The Association of Mutual Funds in India (AMFI), apex decision making body for mutual funds, has drawn its own wish-list of items for mutual funds. It has raised the following demands.
It is proposed to introduce “Debt Linked Savings Scheme” (DLSS) on the lines of Equity Linked Savings Scheme, (ELSS), to channelise long-term savings of retail investors into corporate bond market, which would help deepen the Indian Bond Market.
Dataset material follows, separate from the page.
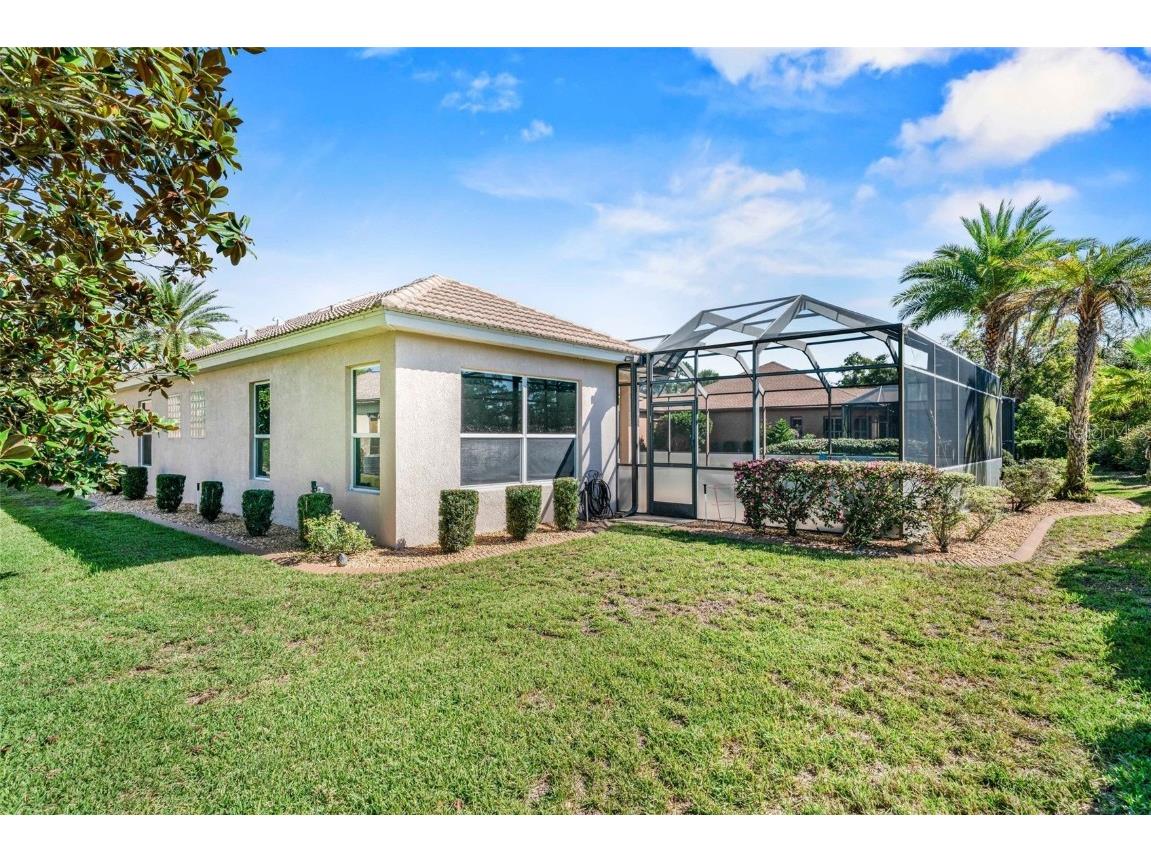 8426 Charleston Drive Weeki Wachee FL 34613 TB8442443 image28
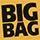 Big Bag logo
“At least 80% of the funds collected under DLSS shall be invested in debentures and bonds of companies as permitted under SEBI Mutual Fund Regulations. (As there are) pending investment of the funds in the required manner, the funds may be invested in short-term money market instruments or other liquid instruments or both,” according to the AMFI finding.
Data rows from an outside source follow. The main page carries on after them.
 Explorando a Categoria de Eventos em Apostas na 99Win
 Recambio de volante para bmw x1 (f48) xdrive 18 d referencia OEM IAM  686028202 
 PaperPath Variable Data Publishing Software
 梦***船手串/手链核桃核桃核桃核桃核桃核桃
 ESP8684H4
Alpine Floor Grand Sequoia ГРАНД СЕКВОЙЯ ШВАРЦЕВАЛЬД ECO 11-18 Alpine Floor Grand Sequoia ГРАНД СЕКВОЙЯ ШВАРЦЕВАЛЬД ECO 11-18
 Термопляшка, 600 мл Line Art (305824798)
It is further proposed that the investments upto Rs 1,50,000 under DLSS be eligible for tax benefit under Chapter VI A, under a separate sub-Section and subject to a lock in period of 5 years (just like tax saving bank fixed deposits). CBDT may issue appropriate guidelines/ notification in this regard as done in respect of ELSS.
Over the past decade, India has emerged as one of the key markets in Asia. However, the Indian corporate bond market has remained comparatively small and shallow, which continues to impede companies needing access to low-cost finance. As per the data from Asia Securities Industry & Financial Markets Association (ASIFMA), the corporate bond markets of Malaysia, South Korea, Thailand, Singapore and China exceed that of India as a percentage of GDP.
Besides, AMFI said in its statement. “It is proposed that in case of Intra-Scheme Switches (i.e., switching of investment within the same scheme of a Mutual Fund) is not regarded as a “Transfer” under Section 47 ofthe IT Act, 1961 and be exempt from payment of capital gains tax.”
“It is requested to reconsider the matter and exclude the mutual units of equity-oriented mutual fund schemes from the ambit of LTCG tax and maintain status quo ante, insofar as LTCG from equity mutual fund schemes are concerned, keeping the interest of the retail investors and to ensure level playing field between equity mutual fund schemes and ULIPs,” according to the AMFI proposals. AMFI also proposes to abolish the STT levied at the time of redemption of Mutual Fund Units by the investor.
The mutual funds body it was also requested to re-consider the matter and abolish the DDT on dividend paid under equity oriented mutual fund schemes maintaining status-quo ante, keeping the interest of the retail investors, and to have a level playing field and uniformity in taxation of investment in MF schemes and ULIPs of Insurance companies.
AMFI data proposes to abolish the STT levied at the time of redemption of Mutual Fund Units by the investor.
Tax exemption under Section 80C
i. As in the case of NPS, investment in Retirement Benefit or Pension Schemes offered by Mutual Funds up to Rs 150,000 should also be allowed tax deduction under Sec 80CCD (1) of Income Tax Act, 1961 (instead of Sec. 80C), within the overall ceiling of Rs 1.5 lakhs under Sec 80 CCE, with E-E-E status.
ii. Likewise, the additional deduction for investment up to Rs 50,000 under section 80CCD (1B) (presently available to NPS subscribers should be extended to investment in Mutual Fund Retirement Benefit or Pension Schemes, over and above the deduction of Rs 1.5 lakh under section 80C of Income Tax Act,1961.
iii. Where matching contributions are made by an employer, the total of Employer’s and Employee’s contributions should be taken into account for the purpose of calculating tax benefits under Sec. 80 CCD.
iv. Further, the contributions made by an employer should be allowed as an eligible ‘Business Expense’ under Section 36(1) (iva) of Income Tax
v. Likewise, contributions made by the employer to Mutual Funds’ Retirement Benefit or Pension Schemes up to 10% of salary should be deductible in the hands of employee, as in respect of Section.